There's usually a lot of hesitation involved with sharing what the story has been over the last few years. Part of that hesitation is that it doesn't feel like me. A very faint part of myself is what clings to that story. The rest of what comes up just kind of vanishes, meaning there's no place to stick a flag and declare being finished. That was said a lot in an attempt to describe the shifty nature of spiritual awakening. Yet as life continues to be what it is, the story of spiritual awakening sits further and further in the back.

However, this is worth spilling some words over.

My brother dropped me off at the airport to catch my flight to LA. We did the normal thing, hugging and saying brotherly goodbyes and he wished me well with, "have fun at your festival." I'd spent some time after my first EDC back on the east coast in Philadelphia, and we had a chance to talk. It was obvious how amazing the experience at EDC had been and how much it changed my life because it was all I talked about. That and being a wizard.

I laughed, "Oh, I don't think I'll be going to that this year." He smirked, "Yeah, okay."

Three months later, to the day, I'll be heading to EDC.

It was tough making the decision to come to Los Angeles, because I really had no plan or vision or anything. There was simply a strong desire, like a homing signal as one friend puts it, compelling me to be here. I was confused. The first few weeks were riddled with, "Why am I here?" Even considered going to a psychic.

The signs couldn't be ignored though. It wasn't only the signs, highlighting key decisions at times, joking at other times, but also the synchronistic flow of events. To call it "Divine Timing" almost cheapens what the experience is like, but that's what it is. It feels like guidance, as if someone is behind you with their hand gently on your shoulder and are moving you effortlessly through a crowd. It's comforting, because even though you may be staggering, you feel this presence with you to carry the weight of having to figure out the next step.

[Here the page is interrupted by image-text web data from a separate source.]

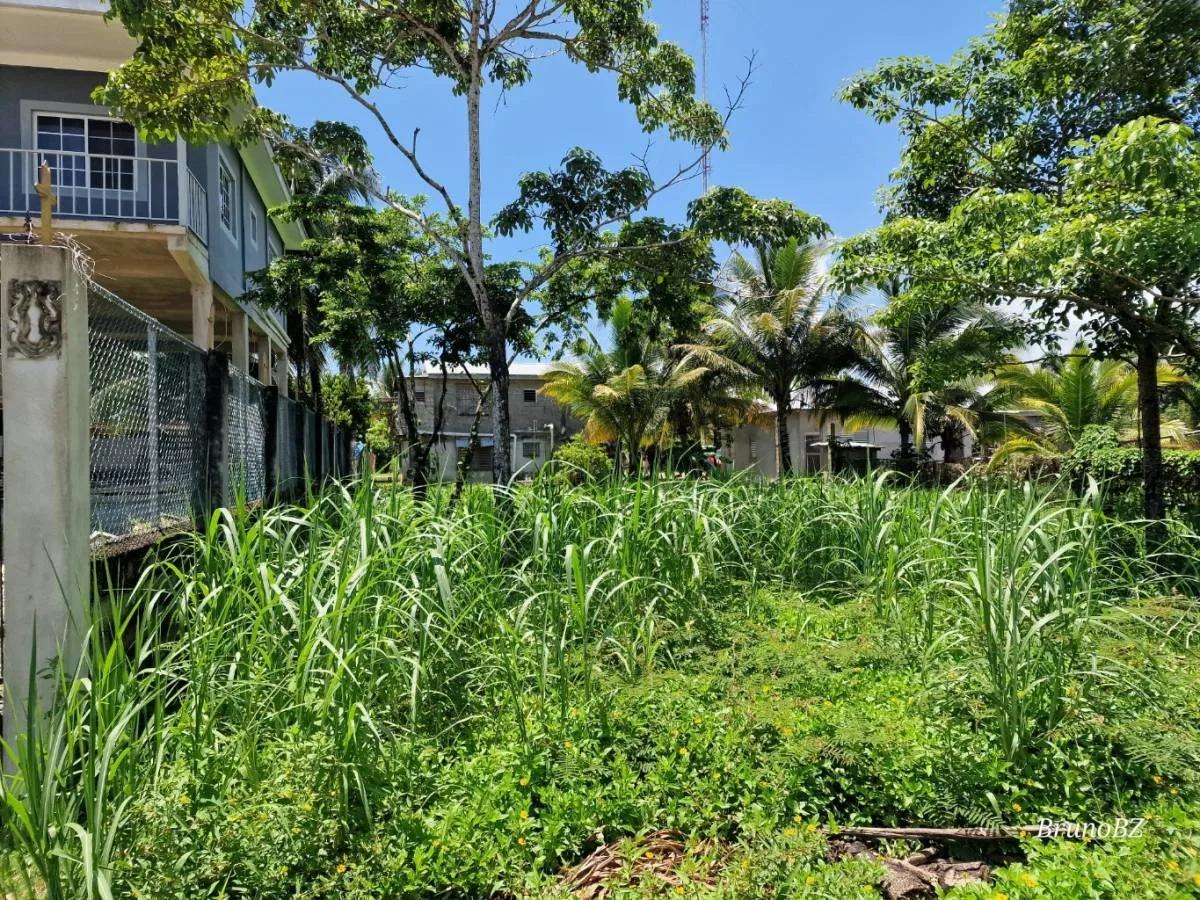 Affordable House Lot for Sale in Punta Gorda Town - Photo 3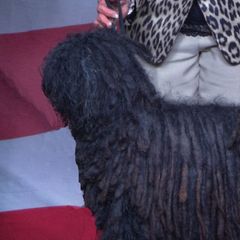 Lexi - Puli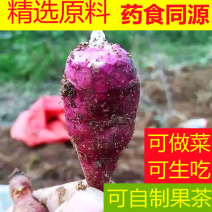 山东胰岛果红果菊芋红皮洋姜纺锤洋姜产地直发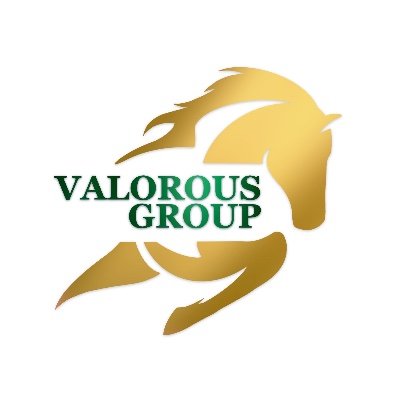 ValorousGrpInc Profile Picture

Even though there are no plans, there's so much support. I feel very safe. There's a guy they call Mooji who says something like, "it feels like you're sitting in the lap of God." I don't want to talk about it too much, because talking about it takes away from simply being in it. I want to be in a position where I'm so dissolved in That, that my words are His words, my actions His actions. It feels like, for whatever reason, getting involved with EDC and the culture of peace, love, unity and respect is purposeful in continuing that dissolution. Maybe it isn't.

Maybe I'm supposed to simply have a good time and enjoy life in every moment. Either way, I'm grateful.

Thank You Magic

I'm in Los Angeles, again, after having spent about two years in Philadelphia. Los Angeles has been a background thought since the first time I moved out here in my early twenties. There's something about the air that tugs at a specific part of me which is otherwise tucked away.

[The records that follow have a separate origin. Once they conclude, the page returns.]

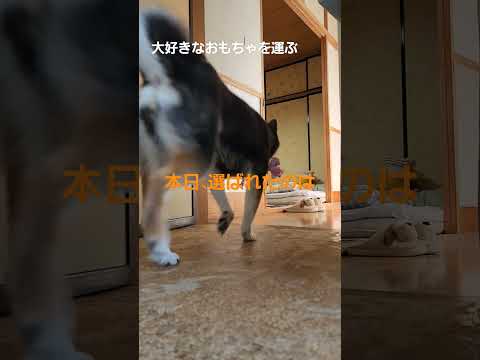 大好きなおもちゃを運ぶ骨バージョン🦴#保護犬 #保護犬を家族に #多頭飼育崩壊 #柴犬のいる暮らし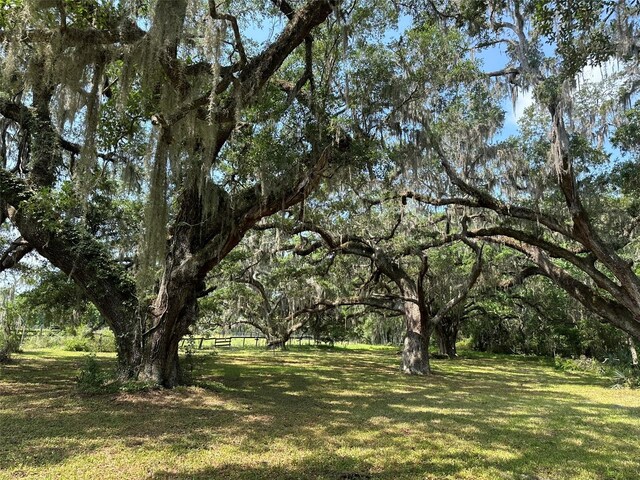 9675 NW 63rd St, Ocala, FL 34482 - photo 18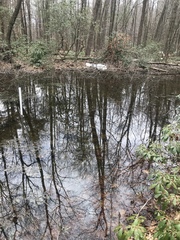 Lithobates sylvaticus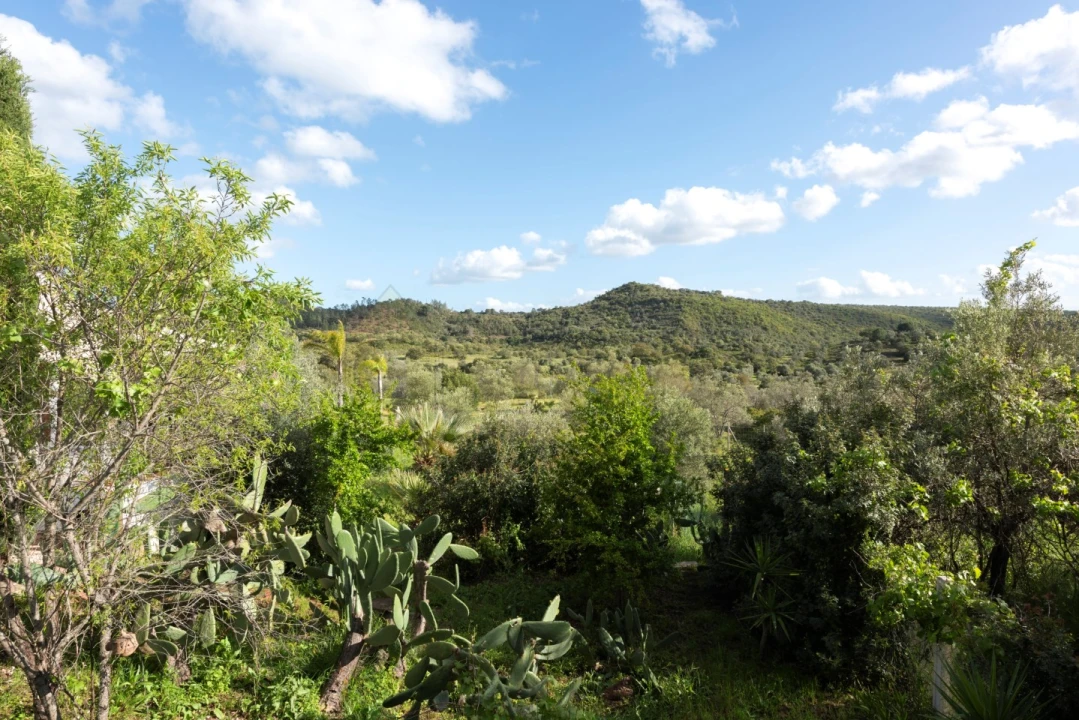 Moradia T4 para Venda em Salir Foto 42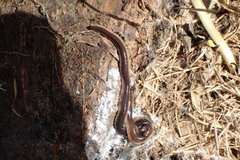 Arthurdendyus triangulatus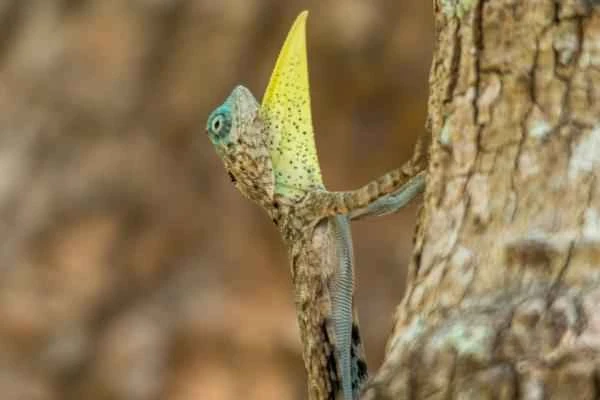 Types of lizards - Common gliding lizard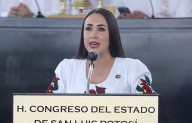 Proponen exhortar a los ayuntamientos para que combatan la proliferación de mosquitos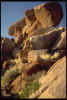 Felsformation auf der Namtib Farm - Namibia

It isn't simply being away from the small town I grew up in. Time has been spent in Colorado, the Bay Area and across the country a few times. Nothing compares to the stale ripeness of L.A. It's a funky town.

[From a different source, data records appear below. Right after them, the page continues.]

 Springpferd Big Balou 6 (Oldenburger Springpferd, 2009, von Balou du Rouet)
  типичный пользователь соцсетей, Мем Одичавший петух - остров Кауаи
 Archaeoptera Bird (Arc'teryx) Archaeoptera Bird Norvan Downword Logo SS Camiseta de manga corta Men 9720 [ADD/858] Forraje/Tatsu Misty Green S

There's an energy that swells up and creates a certain kind of perspective which I honestly can't explain. It just feels good, but in an innocent kind of way. Sort of like a child might look at the world with untamed curiosity and openness.

Much of this is owed to simply relaxing and allowing the moment to be whatever it is. Everything settles into a deeper love which is the simple attentive openness that underpins every experience. The moment is sweetly alive.

Part of what points to this is synchronistic events. The idea of synchronicity floats around spiritual conversation and is often brushed off, rightly so. Firstly, no one really knows what it is. The suggestion is that there is some meaning to coincidences. Like the Law of Attraction though, when this is discussed only as a concept, it gets distorted.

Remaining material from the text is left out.